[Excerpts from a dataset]
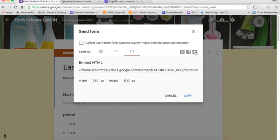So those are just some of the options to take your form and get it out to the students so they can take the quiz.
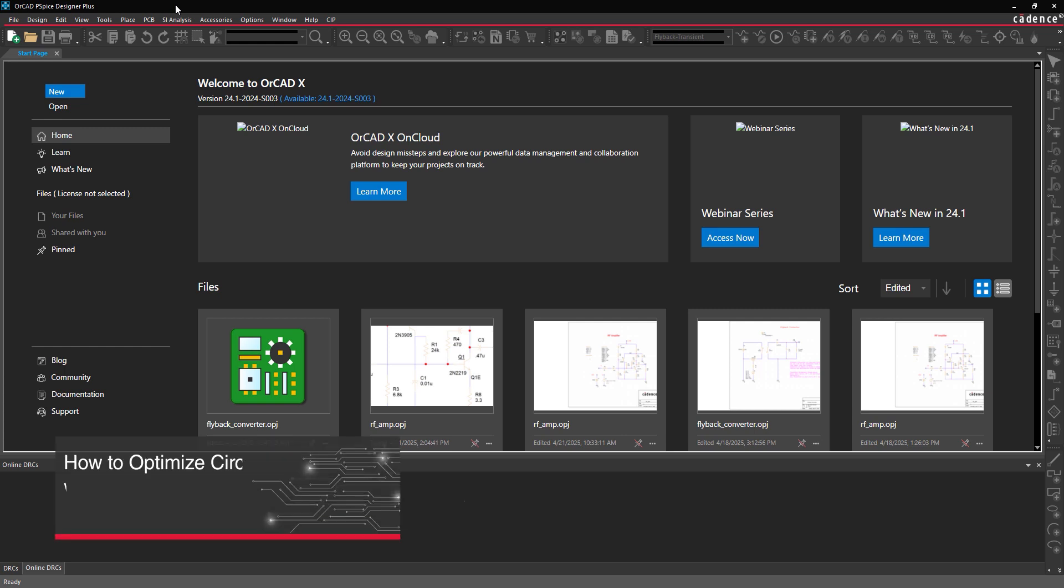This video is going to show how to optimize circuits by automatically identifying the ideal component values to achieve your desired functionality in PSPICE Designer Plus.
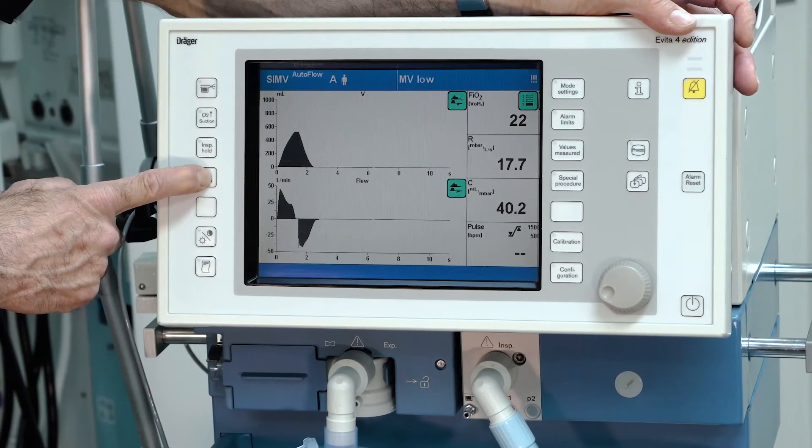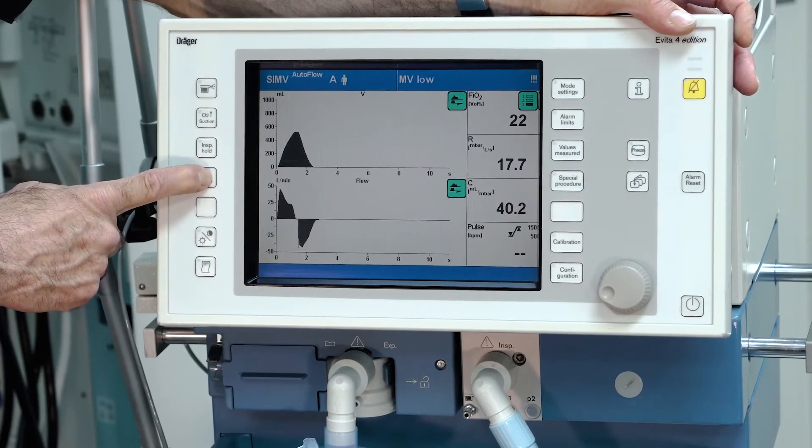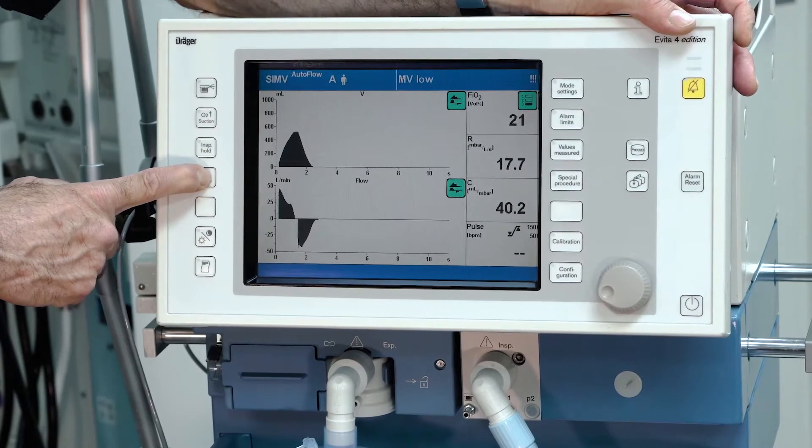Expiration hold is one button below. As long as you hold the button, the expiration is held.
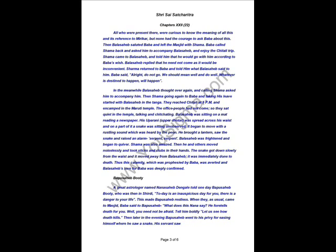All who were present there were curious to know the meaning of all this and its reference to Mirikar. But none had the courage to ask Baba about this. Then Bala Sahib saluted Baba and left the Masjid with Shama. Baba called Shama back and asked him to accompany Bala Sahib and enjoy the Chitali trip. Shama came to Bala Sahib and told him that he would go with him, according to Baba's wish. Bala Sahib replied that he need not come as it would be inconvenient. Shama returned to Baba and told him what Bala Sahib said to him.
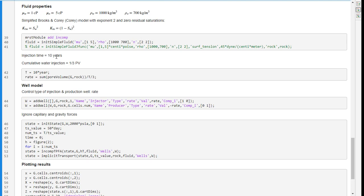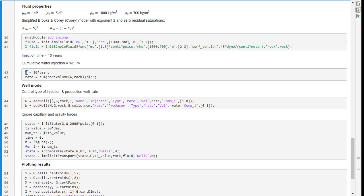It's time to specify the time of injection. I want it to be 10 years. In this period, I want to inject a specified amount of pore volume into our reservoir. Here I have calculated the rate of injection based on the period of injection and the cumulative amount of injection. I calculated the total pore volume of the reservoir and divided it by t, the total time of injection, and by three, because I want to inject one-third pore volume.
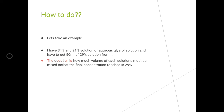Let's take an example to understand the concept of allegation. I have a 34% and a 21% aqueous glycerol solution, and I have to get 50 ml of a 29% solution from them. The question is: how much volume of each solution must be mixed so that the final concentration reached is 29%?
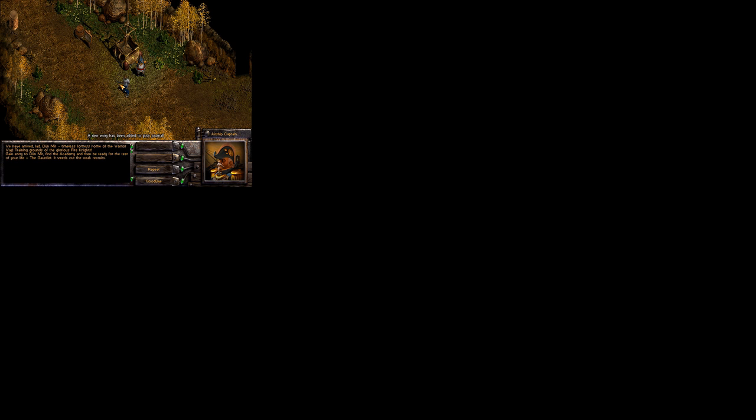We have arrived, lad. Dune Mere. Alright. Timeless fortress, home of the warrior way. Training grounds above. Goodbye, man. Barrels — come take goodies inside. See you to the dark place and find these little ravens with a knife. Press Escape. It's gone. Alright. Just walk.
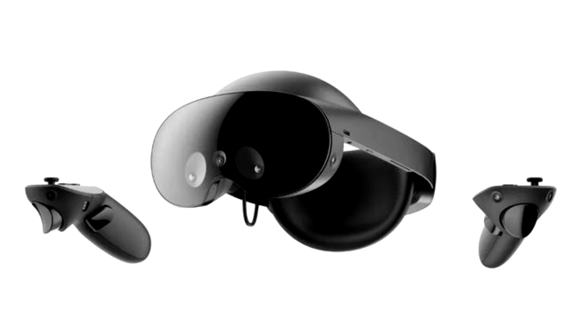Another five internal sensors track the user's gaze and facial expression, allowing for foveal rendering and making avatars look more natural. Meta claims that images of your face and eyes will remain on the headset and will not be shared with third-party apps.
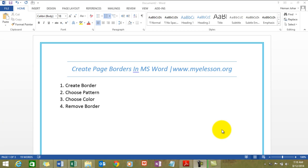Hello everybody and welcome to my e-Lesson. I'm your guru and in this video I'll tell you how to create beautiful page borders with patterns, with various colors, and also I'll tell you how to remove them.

■ ACTION ITEM ■
Print exactly the first line of the entries and every line after it through the one that contains "Expiration hold is", leaving the pictures out.

■ SOLVED PROBLEM ■
So those are just some of the options to take your form and get it out to the students so they can take the quiz.
This video is going to show how to optimize circuits by automatically identifying the ideal component values to achieve your desired functionality in PSPICE Designer Plus.
Expiration hold is one button below. As long as you hold the button, the expiration is held.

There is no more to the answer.